The change of oceanic plate motion might be recorded in the strata of arc-trench system, because the difference of thickness is remarkable between the oceanic plate and the sedimentary bodies in the basin as shown in Fig. 1.
Plate motion during the least 42 Ma: JACKSON et al. (1975) presented the periodicitic changes of loci of individual shield volcanoes along the Hawaiian chain (Fig. 3a). They concluded that the Pacific plate has been subjected to oscillatory, but principally clockwise, rotations of horizontal stress components as shown in Fig. 3c. In this paper, it is presumed that the oscillatory curve in Fig. 3c means the periodicities of real rotational motions of the Pacific plate. The changing point (maxmum or minimum in the curve) between two torque is called "JACKSON episode".
Plate motion during the least 175Ma: Relative motions during late Mesozoic and Cenozoic were calculated by ENGEBRETSON (1982) between oceanic and continental plates in the Pacific region based on the magnetic anomaly lineations, fracture zone trends and hotspots. MARUYAMA et al. (1982) presented the relative motion of the Pacific, Kula and Farallon plates with respect to Eurasia plate at the Japanese Islands (Fig. 13 (2)-(5)) using the ENGEBRETSON'S data.

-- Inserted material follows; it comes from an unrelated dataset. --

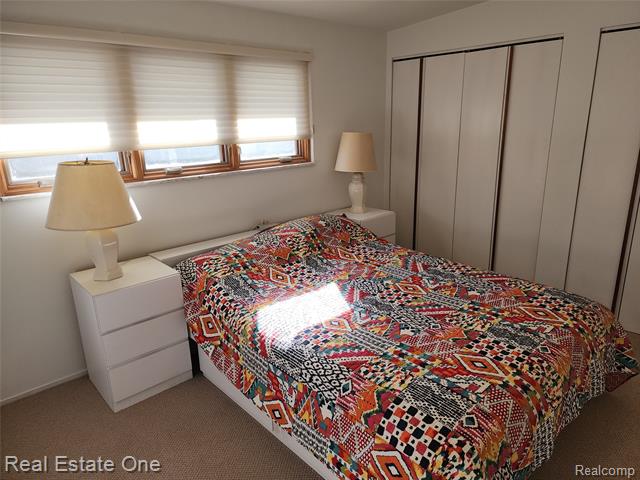 Builiding view thirty one for 6660 Woodbank, Bloomfield Hills, MI. 48301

On the basis of these history of the plate motion, the various phenomena, such as igneous activities, tecton-ism, sedimentation and sea level change, are correlated and discussed for the Cenozoic and Mesozoic in the basins of the Japanese Islands which have precise chronologic discrimination. The JACKSON episodes of the changing time of the Pacific plate motion may correspond to the events of igneous activity (Fig. 4 (1) (2)), the change of stress field (Fig. 4 (3)) and the intensity of tectonism, such as the period of unconformity, deformation or movement (Fig. 6 (3), 9). JACKSON episodes also control the rise and fall of sedimentary basin, that is, the variation of sedimentation (Fig. 5-8), depositional rate (Fig. 7-9), hiatus (Fig. 6-8), subsidence (Fig. 7) and paleobathymetry (Fig. 8). Moreover, the same relationships can be obtained between the plate motion and geologic events for the long history in the basin. Grobal cyclic curve of relative sea level change proposed by VAIL et al. (1977) (Fig. 10) records the changes of plate motion (Fig. 12, 13). The cyclic curves can also explain some phenomena of transgression and regression, but not the intensity of the phenomena in the basins of arc-trench system.
The agreements among these episodic periods or events suggest that oceanic plate motion is the most important factor for the various geological phenomena in the sedimentary basin of arc-trench system. The images of the process, mechanism or effect are also presented for these relationships based on the plate motion.